Certaines interventions sur les membres et les articulations nécessitent l’utilisation de greffes osseuses.
En effet, si l’os humain est capable de se reconstituer de lui-même, il ne peut produire que de faibles quantités. Par exemple, dans le cas d’une tumeur osseuse qu’il faut enlever, créant de fait un vide, la production naturelle de cellules osseuses du patient sera insuffisante pour combler d’elle-même cette perte. La reconstitution naturelle d’os ne s’avère donc possible que sur de petits volumes.
C’est pourquoi il est nécessaire d’apporter de la matière extérieure pour, d’une part, combler le vide créé et, d’autre part, permettre ainsi aux cellules productrices d’os du patient de se réapproprier le volume perdu (réhabitation).
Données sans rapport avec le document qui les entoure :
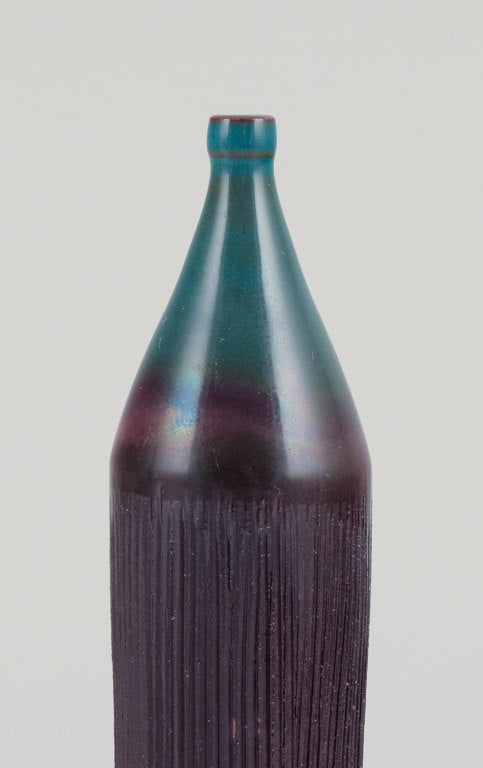 Sven Hofverberg, Swedish ceramist. Large and small unique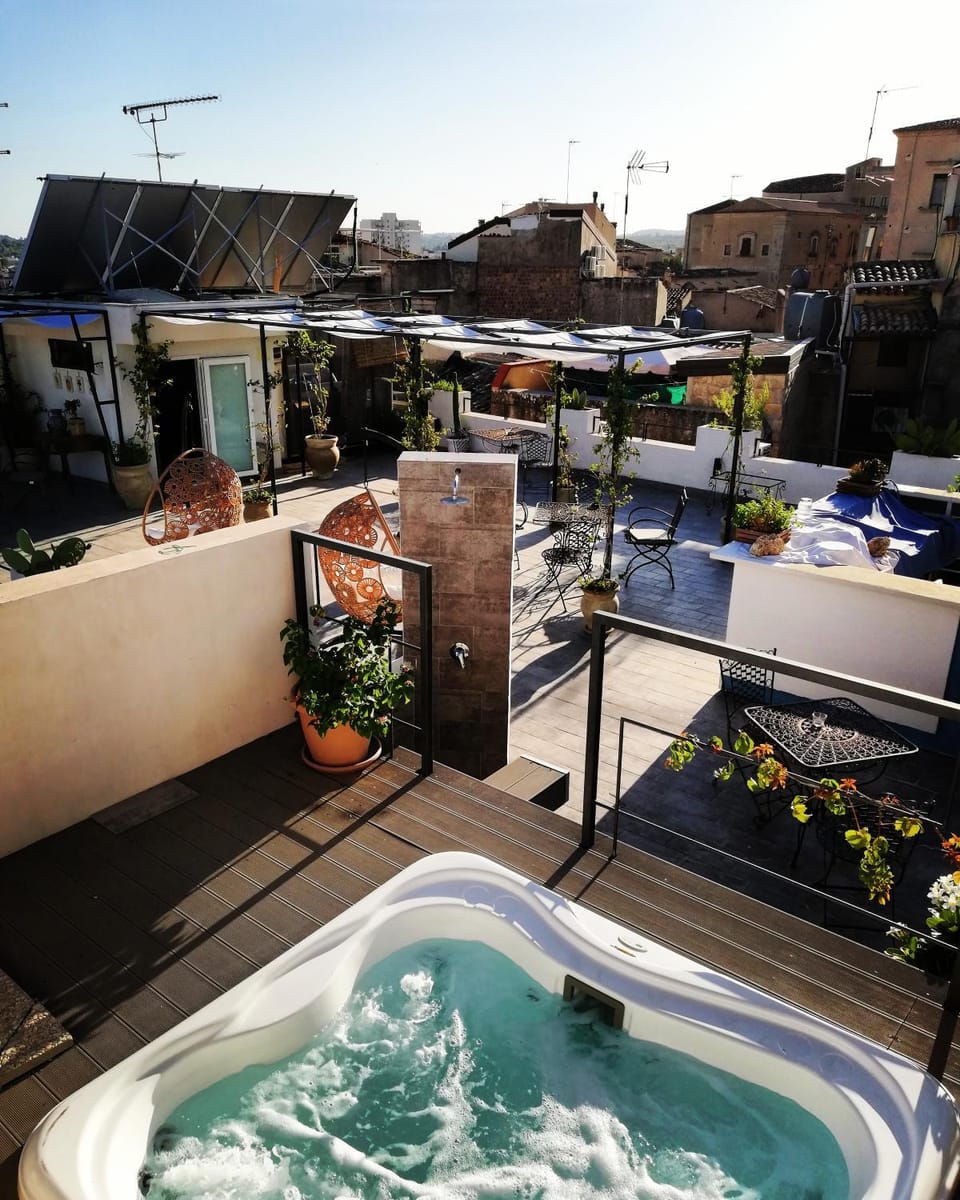 Hot Tub, Balcony/Terrace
Il faut donc d’abord combler puis faciliter le retour des cellules osseuses sur la partie atteinte.
De nombreux matériaux de substitution ont été utilisés pour réaliser ces greffes (céramique, corail, os bovin). Les résultats obtenus ne sont pas totalement convaincants (la réhabitation n’est pas aussi bonne qu’espéré) car ces matériaux, s’ils ont la même base que l’os humain (phosphocalcique), n’en ont pas pour autant l’ensemble des éléments qui le composent. L’os bovin, s’il se rapproche beaucoup de l’os humain, comporte des risques de transmission infectieuse (maladie de la vache folle).
L’os d’un être humain possède l’avantage évident d’avoir les mêmes caractéristiques que celui d’un autre être humain. Il conserve également la même trame collagénique (protéine de l’os facilitant la réhabitation en agissant comme une sorte de tapis roulant), ce que ne peuvent faire les substituts ou ce que ne peut faire aussi bien l’os d’origine animale.
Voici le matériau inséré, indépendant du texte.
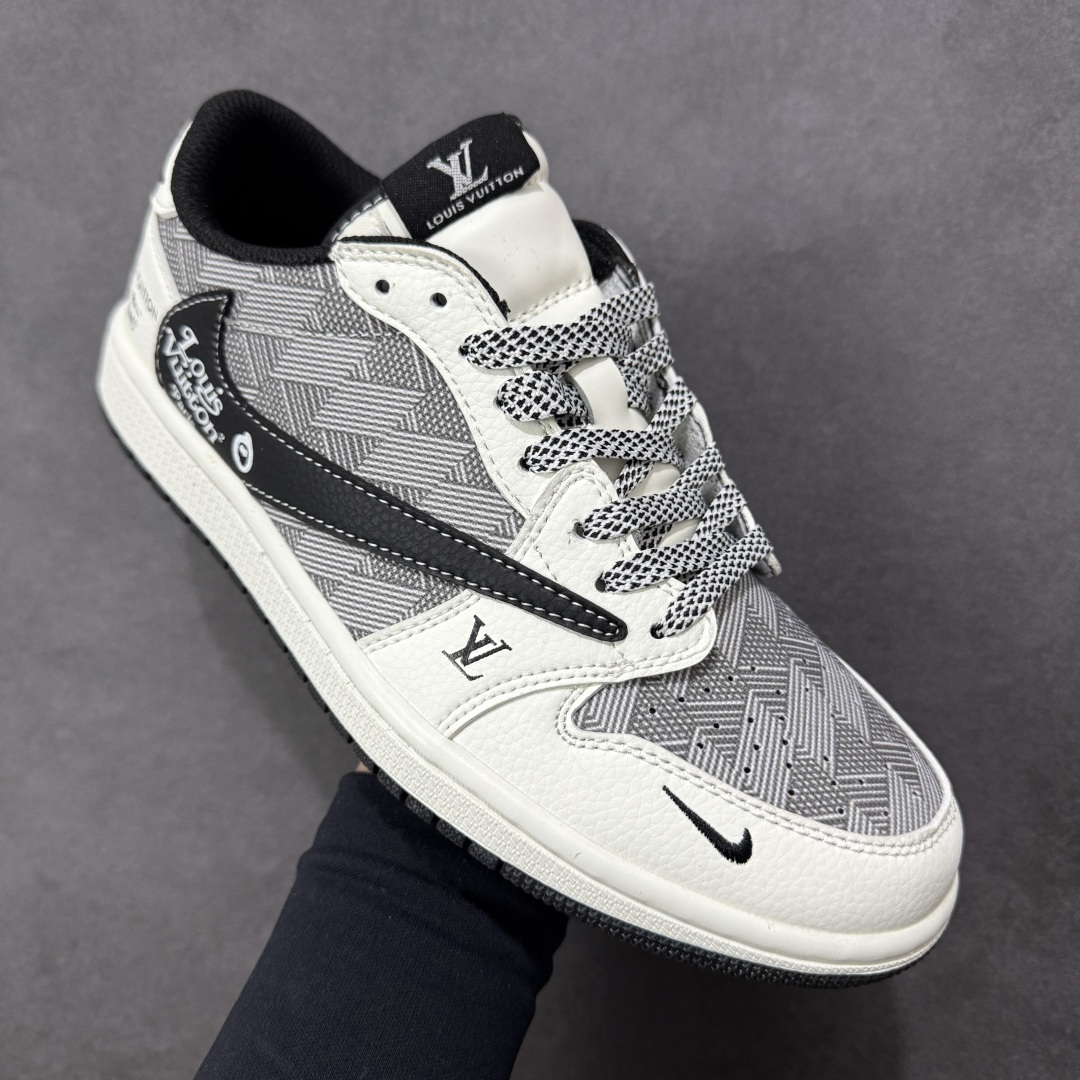 图片[3]-【定制版】高端定制 Travis Scott x Jordan 1 Low LV联名-白灰格纹 倒勾低帮休闲版本 原厂全头层皮 大厂纯原品质出货 纯正版型 定制鞋盒 皮料切割干净无任何毛边 细节完美 超高清洁度 货号：DZ2688-013 尺码：36 36.5 37.5 38 38.5 39 40 40.5 41 42 42.5 43 44 44.5 45-选品中心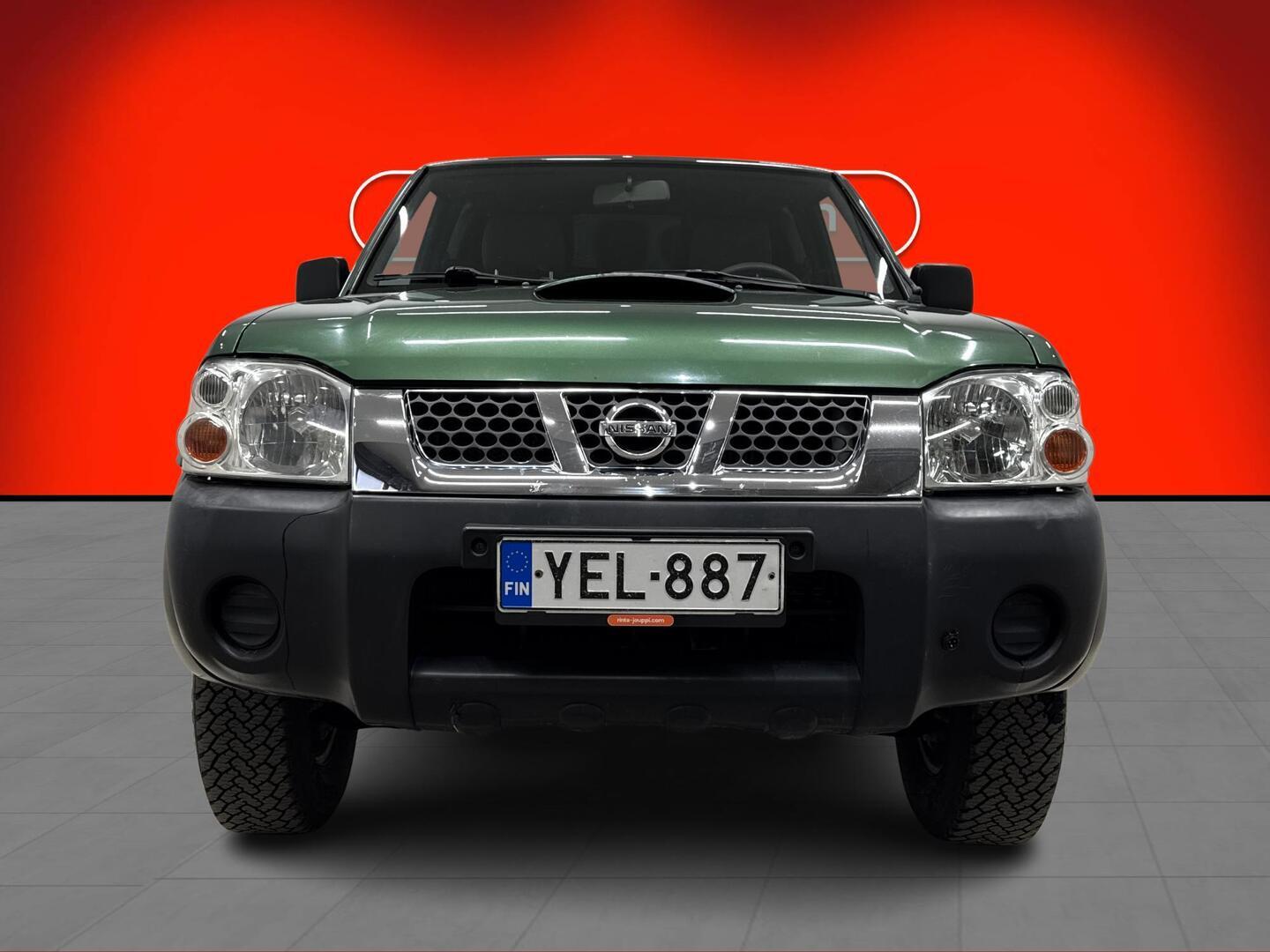 NISSAN King Cab 2002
L’idéal est le prélèvement d’os sur le patient lui-même (par exemple au niveau de la crête iliaque, située sur la hanche) pour le lui réimplanter (autogreffe) mais le volume utilisable est limité et cela crée un traumatisme au niveau du site de prélèvement.
En cas de besoin en greffe volumineuse, l’apport d’os humain d’une personne vers une autre personne (allogreffe) représente donc actuellement la meilleure solution.
Cependant, il subsiste le risque de transmission d’un agent infectieux lors de la greffe (hépatite, sida...).
C’est pourquoi l’utilisation de ces greffes ne peut donc se concevoir qu’au travers d’une banque de tissus répondant à tous les critères de sécurisation des greffons. Ces derniers sont établis par l’Établissement français des greffes (EFG).